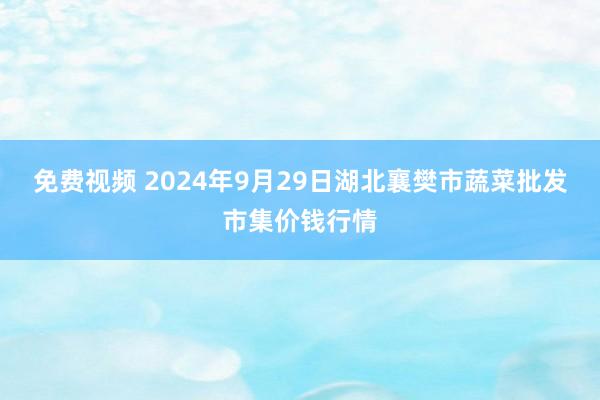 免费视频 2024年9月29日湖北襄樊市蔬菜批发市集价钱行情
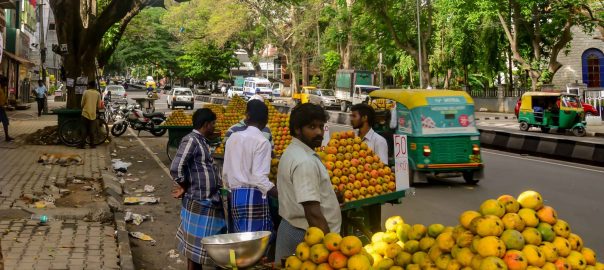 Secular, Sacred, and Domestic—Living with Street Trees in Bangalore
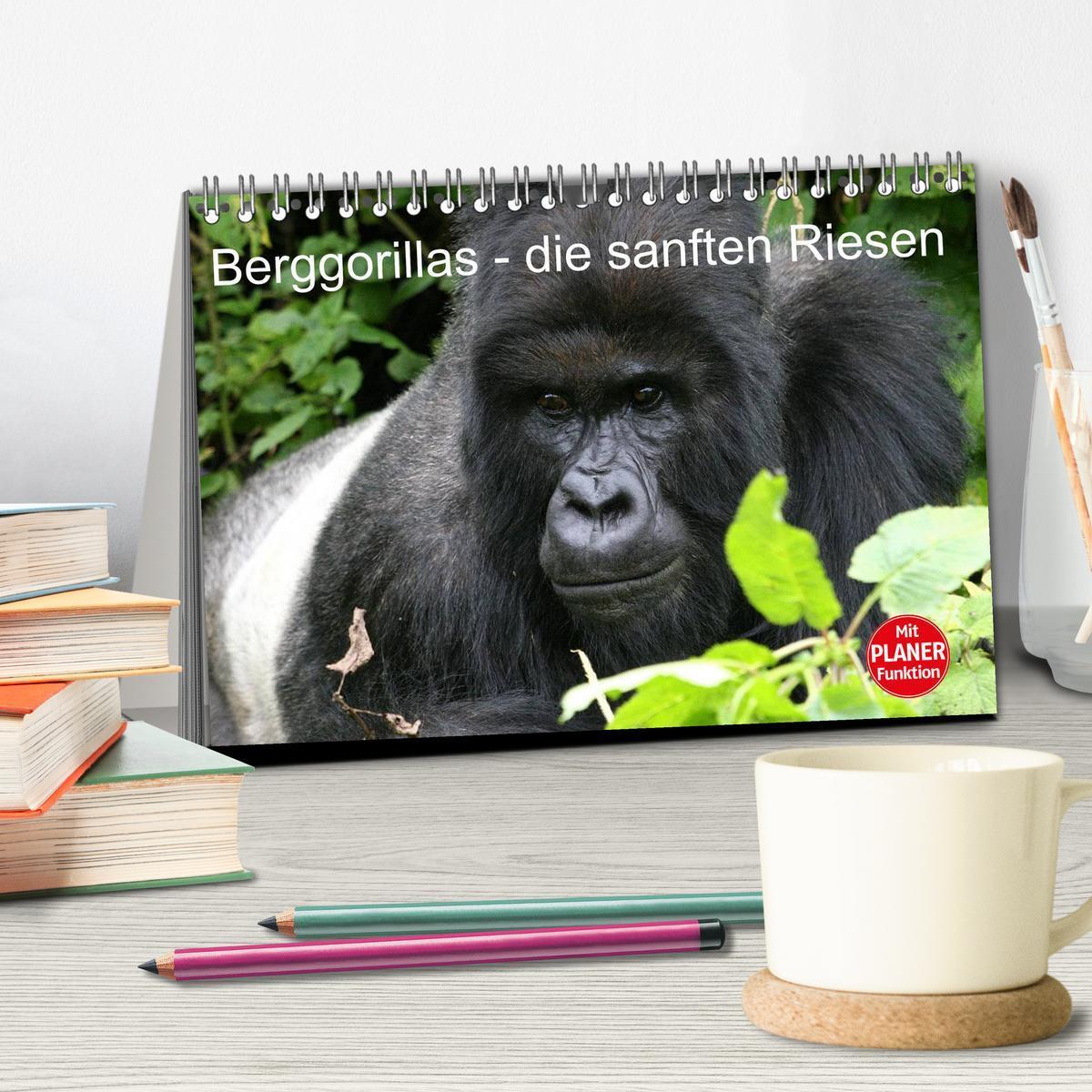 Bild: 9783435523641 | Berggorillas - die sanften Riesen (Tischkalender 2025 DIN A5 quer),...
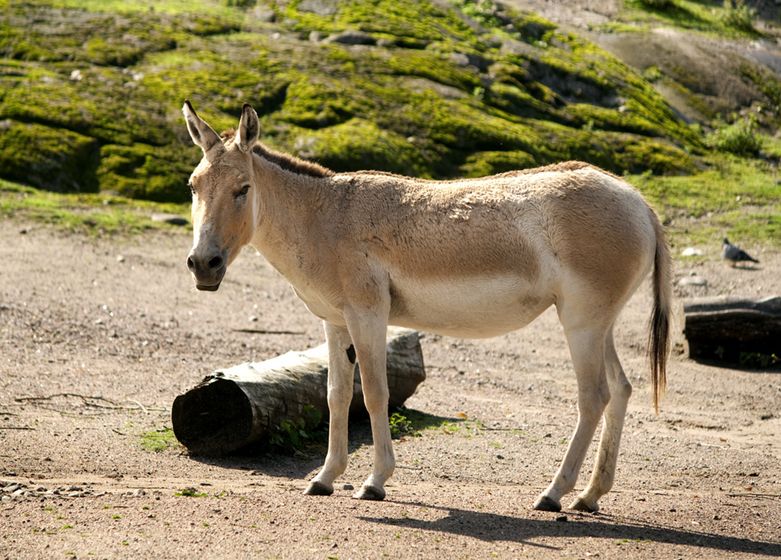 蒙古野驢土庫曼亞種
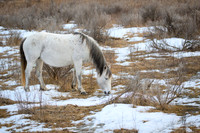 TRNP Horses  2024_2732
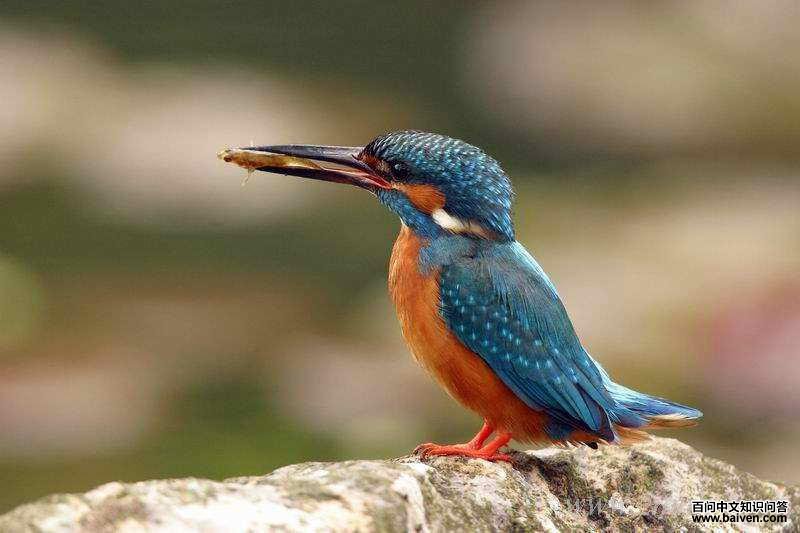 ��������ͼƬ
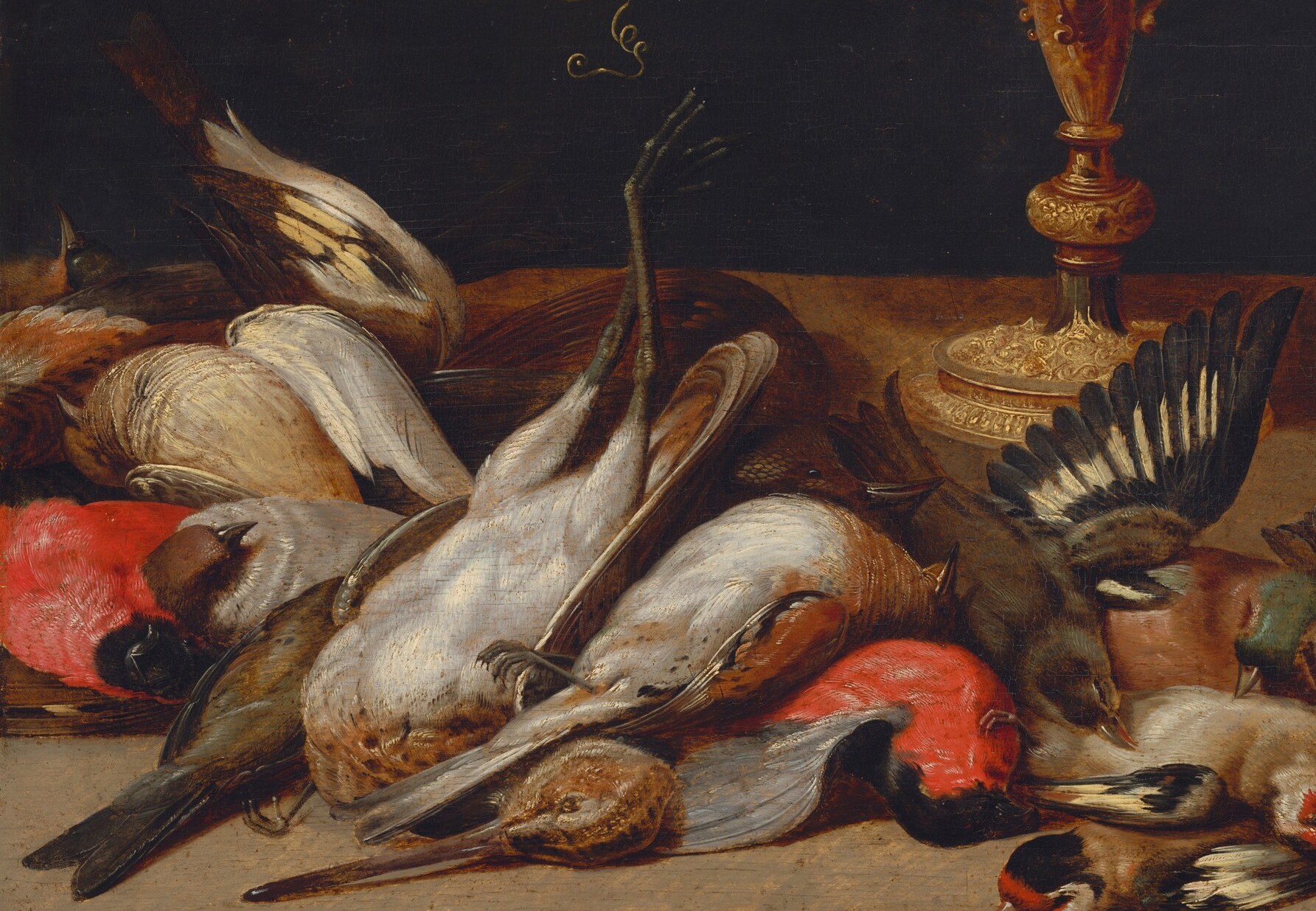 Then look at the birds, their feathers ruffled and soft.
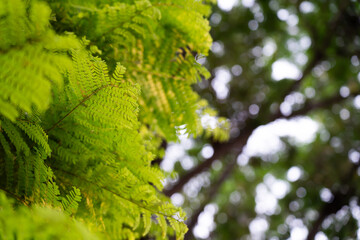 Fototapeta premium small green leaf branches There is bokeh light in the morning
---
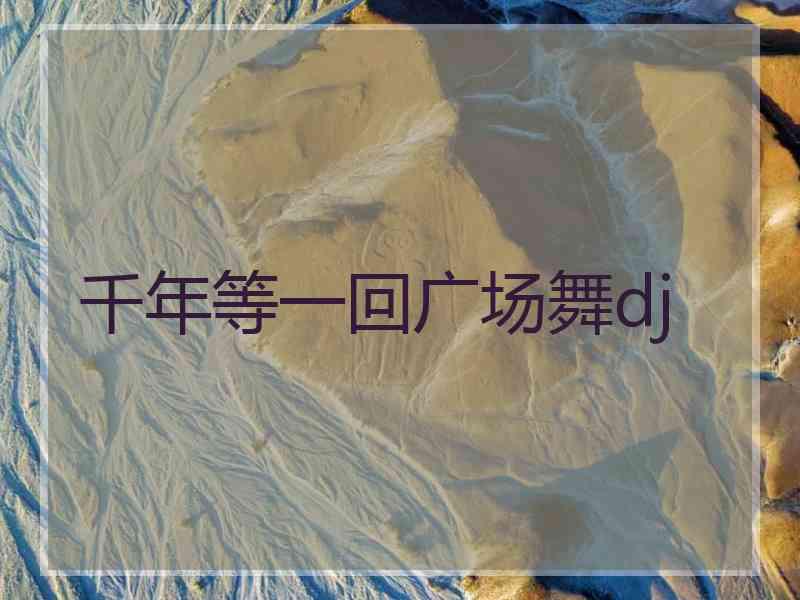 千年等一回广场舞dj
--
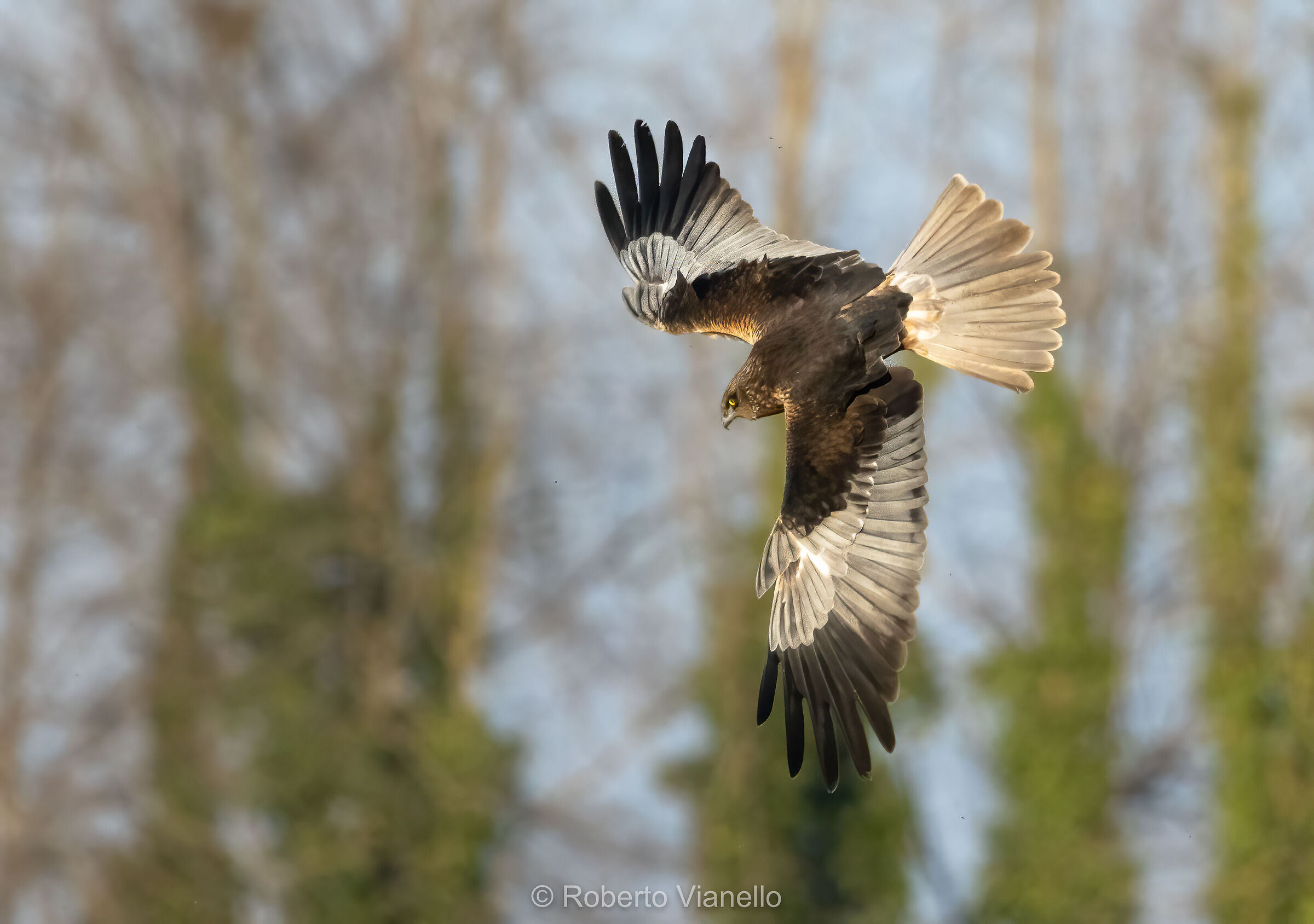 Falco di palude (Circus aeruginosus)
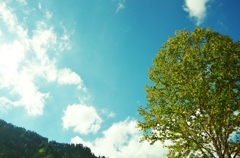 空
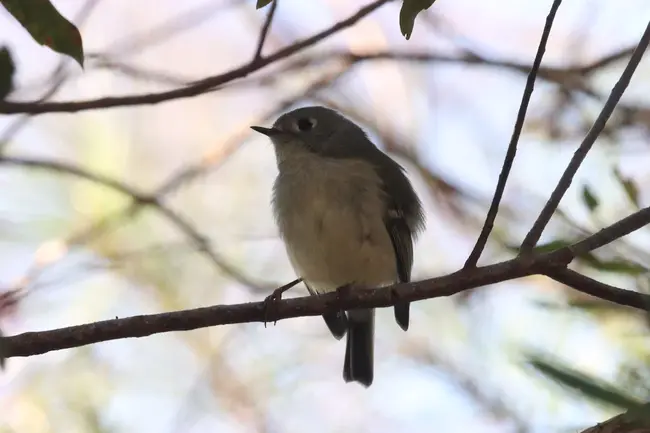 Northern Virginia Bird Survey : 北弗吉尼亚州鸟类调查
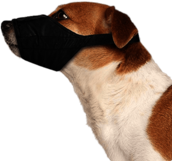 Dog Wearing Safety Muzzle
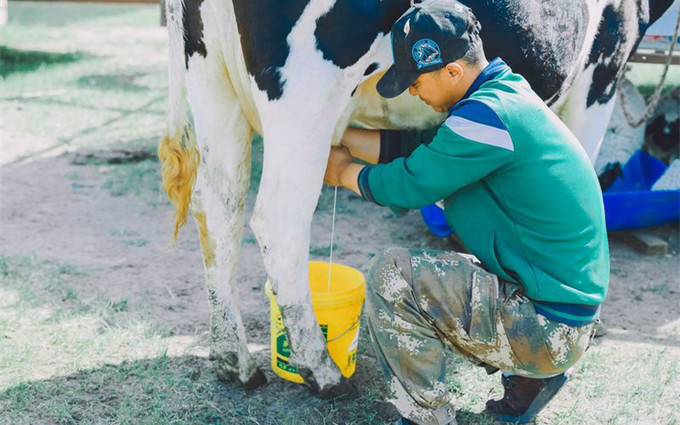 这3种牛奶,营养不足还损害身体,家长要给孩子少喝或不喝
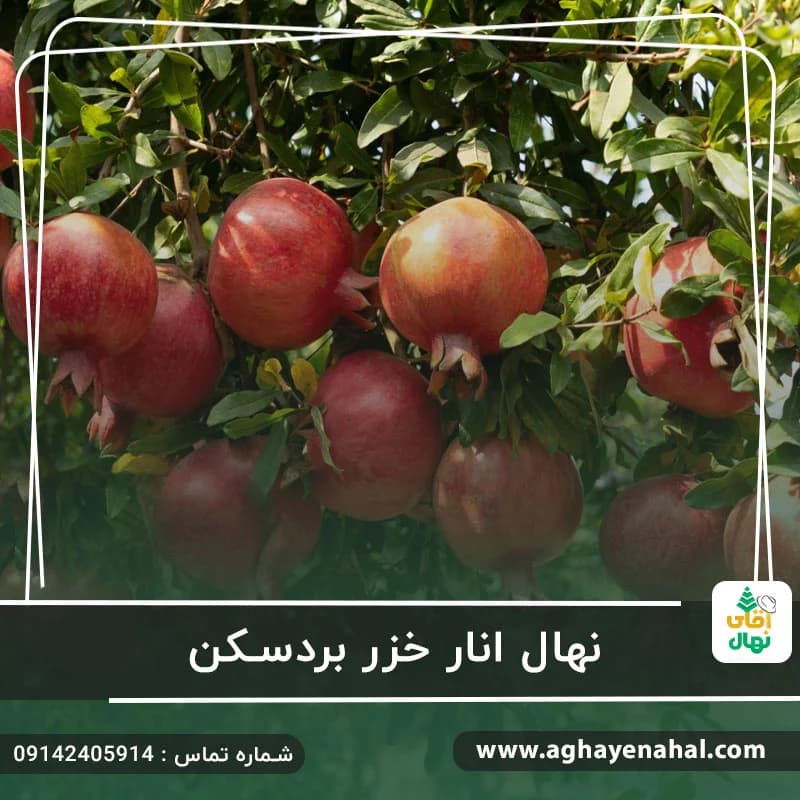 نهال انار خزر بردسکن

WORK INSTRUCTIONS — Nothing but the lines above from the line with "这3种牛奶,营养不足还损害身体,家长要给孩子少喝或不喝" up to and including the line with "نهال انار خزر بردسکن" should be returned, exactly as written and without pictures.

TASK RESPONSE —
 这3种牛奶,营养不足还损害身体,家长要给孩子少喝或不喝
 نهال انار خزر بردسکن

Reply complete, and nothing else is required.